Texas needs some Preppers!
(CNN) A winter storm and lengthy cold snap have crippled power facilities in Texas and caused about 2.3 million outages as of Wednesday evening, leaving residents in the cold and dark for several days.
The lack of power to about a quarter of the state has created a widespread emergency, with families huddling in homes or cars without heat, burst water pipes, failing water systems and gasoline shortages.
Barbara Martinez said she had been burning firewood to try to heat her suburban Houston home, which had been without power from early Sunday until Tuesday.
“We got power for four hours and then it went off again and it stayed off for a few hours, came back for like two hours then went away,” she said Wednesday morning. “It’s currently off.”
The outages cover the areas served by Electric Reliability Council of Texas, or ERCOT, from the counties bordering Mexico up to those touching Oklahoma, and from Houston in the east to rural Big Bend in the west. Yet areas outside of ERCOT’s coverage zone, including the eastern border with Louisiana, the northwest panhandle and El Paso in the west, are basically unaffected.
Texas officials pointed the blame at the power company and called for investigations. US Rep. Marc Veasey, a Democrat who represents parts of Fort Worth and Dallas, said he’s learned from an industry executive that the power grid was just minutes from failing on Monday before state agency officials initiated emergency rolling outages.
“I want people to know that we were minutes away from the entire grid crashing,” he told CNN’s Ed Lavandera, criticizing ERCOT and Republican leaders for not better preparing for the freeze.
“They certainly could have taken some precautions that would have prevented what we’re having to deal with now,” Veasey said.

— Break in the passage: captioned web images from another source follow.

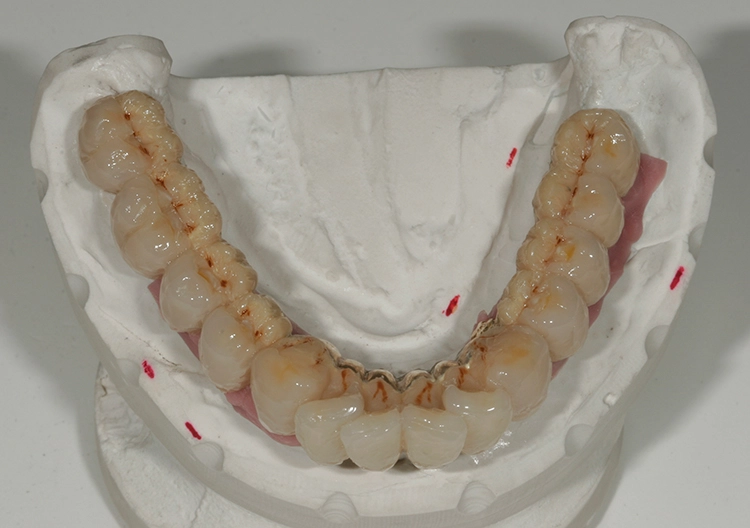 Abb. 126: Auftrag der labialen/bukkalen Schneidemassen.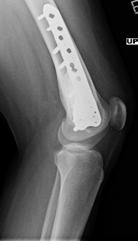 ** 3-Year Postoperative Follow-up At the 3-year follow-up, x-rays show that the bone graft material was completely resorbed and replaced by new bone growth (FIGURES 7A and 7B).
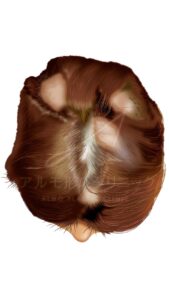 円形脱毛症と自毛植毛について｜東京 自毛植毛 アルモ形成クリニック 美容外科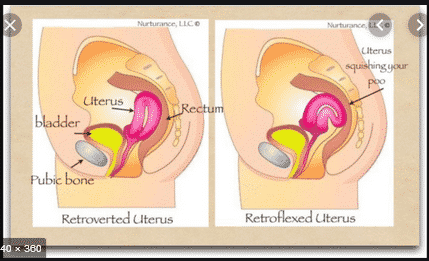 Detail Gambar Letak Janin Kep Nomer 22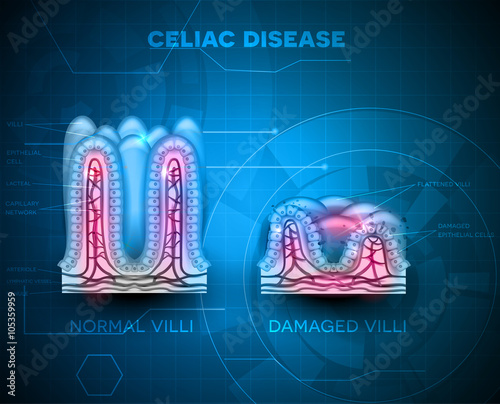 Celiac disease affected small intestine villi. Healthy villi and unhealthy villi with damaged cells on a blue technology background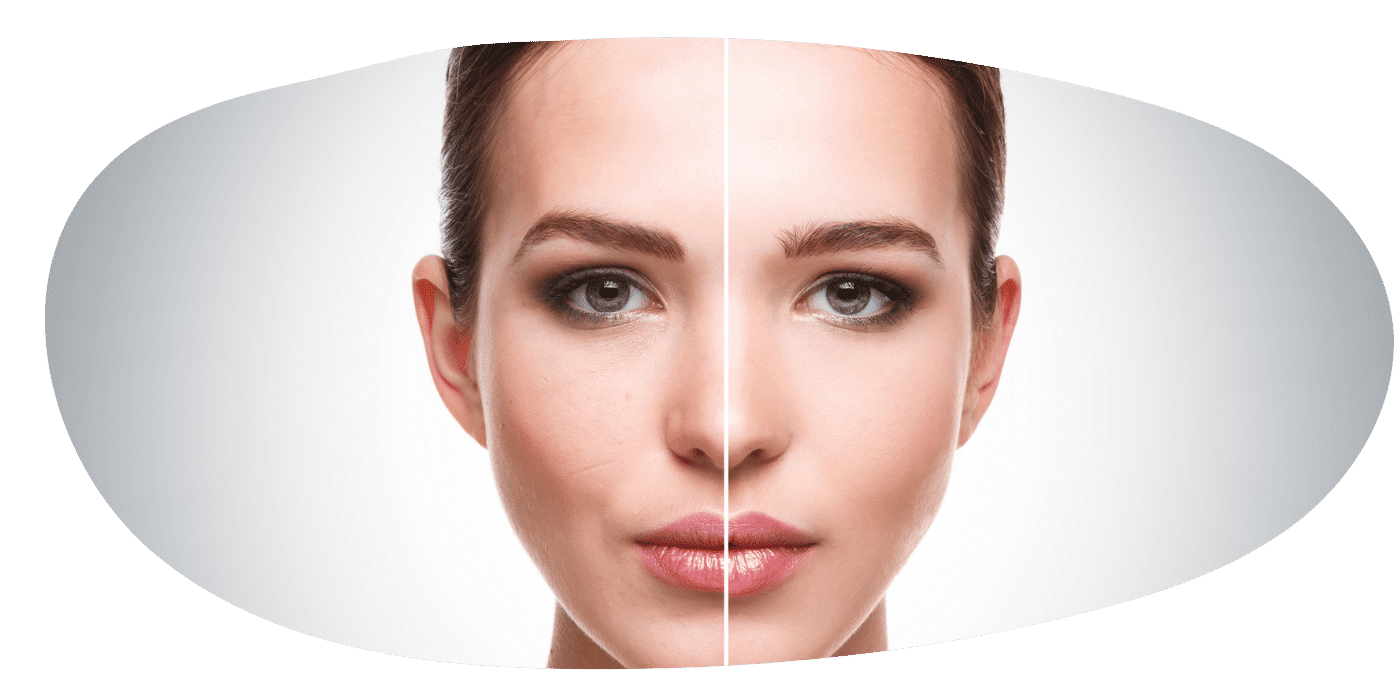 Vorher-Nachher-Bilder – was bedeutet das für euch?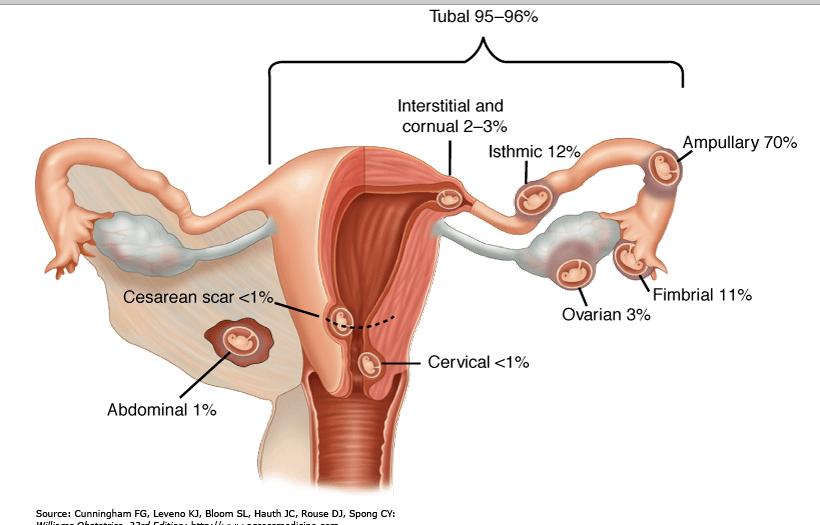 tubal pregnancy diagram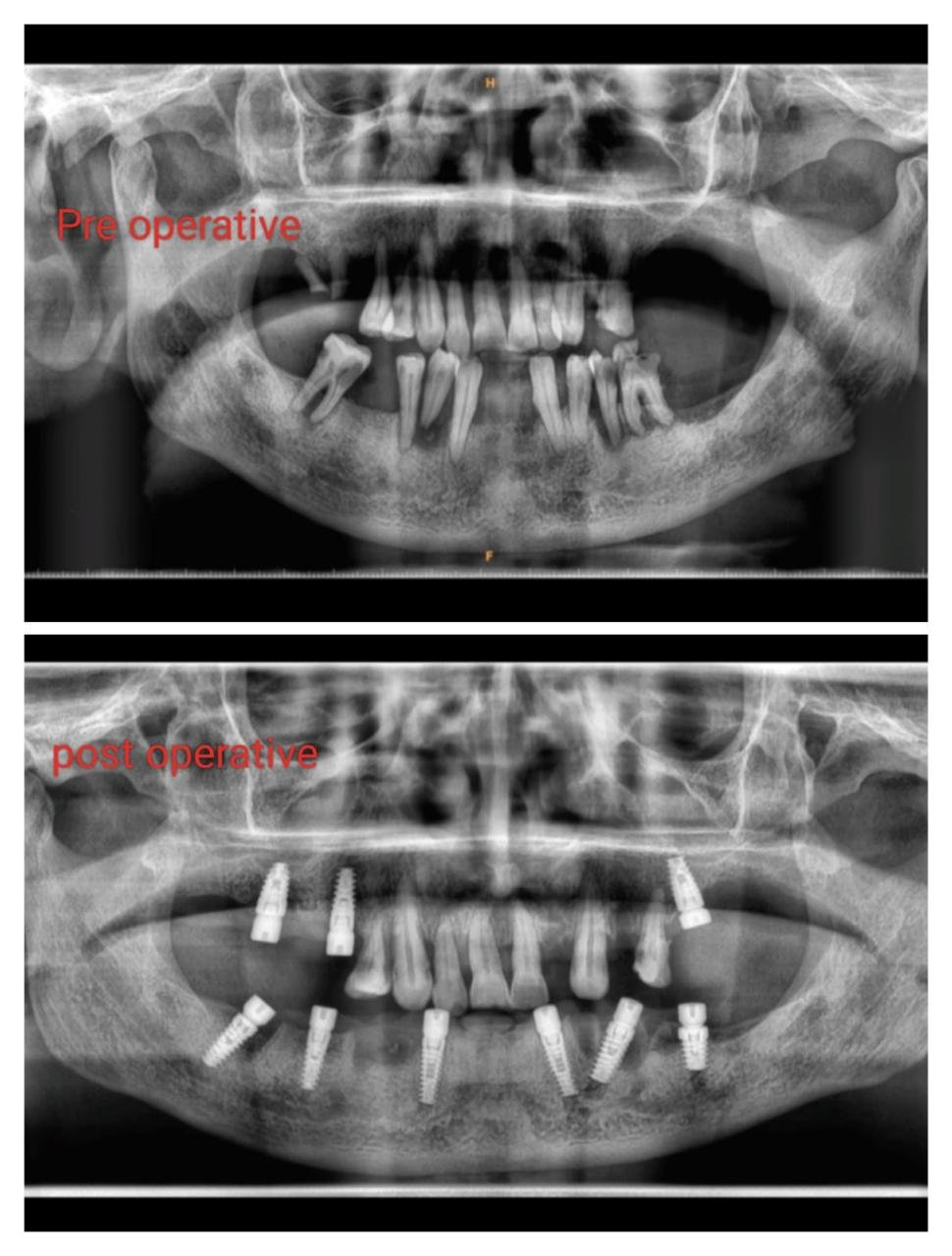 Full-Mouth Dental Implants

An ERCOT spokesperson did not immediately return a CNN request for comment. But earlier Wednesday, CEO Bill Magness said the issue largely was a lack of energy supply as the cold weather shuttered power facilities. ERCOT’s controlled power outages, he said, had in fact averted the system’s collapse.
“If we had waited, and not done outages, not reduced demand to reflect what was going on, on the overall system, we could have drifted towards a blackout,” he said. “People feel like what we’re seeing feels like a blackout, but the blackout that can occur if you don’t keep the supply and demand in balance could last months.”
The power issues are likely to continue, especially given that the cold temperatures will last for another day or two. Over 21 million people, or nearly 70% of Texas’s population, are currently under some sort of winter weather alert.
The controlled outages have created rotating power issues as ERCOT has tried to spread around the pain, pushing people to rely on warming centers or the kindness of neighbors.
“We have power for about 30 or 15 minutes and then we get a blackout for about five to six hours,” said Eder Lemus of San Antonio.
The pipes in his house froze, so he, his wife and three children are relying on others for water.
“As of now, we are using a neighbor’s faucet to refill a bucket of water to drain our toilets,” he told said. “When and if the lights come back on, we try to take showers and refill our drinking water gallons so that we can stay hydrated.”
Gov. Greg Abbott said that he has spoken with both the lieutenant governor and the state House speaker, and that an investigation of ERCOT is slated to begin next week.
“ERCOT is an independent private entity that, candidly, I have both investigated and prosecuted before when I was attorney general of Texas, and we’re now investigating again,” Abbott said. “I’m not suggesting any way that there’s been any criminal activity or anything like that, but it is something that needs to be looked at.”
Abbott said a news conference Wednesday that 6,000 megawatts have been added to the state’s grid — enough power for about 1.2 million households.
There will be additional onboarding coming from the South Texas Nuclear Project and additional operations will increase from coal-produced power, Abbott said.
These sources will add more than 2,000 megawatts to the grid and provide additional power for about 400,000 homes, according to Abbott. About 17,200 megawatts of renewable generated power remain out on Wednesday afternoon, due to “freezing of the wind, or because of lack of sun for the solar,” Abbott said.
The widespread outages stem from a weather disaster coupled with an unprepared infrastructure.
A winter weather system brought unusually frigid temperatures to much of the central US over the past few days, including in Texas, the country’s energy leader. The deep freeze caused demand for power and heating to skyrocket even as it knocked out the state’s natural gas, coal, wind and nuclear facilities, which were not ready to function in such cold weather.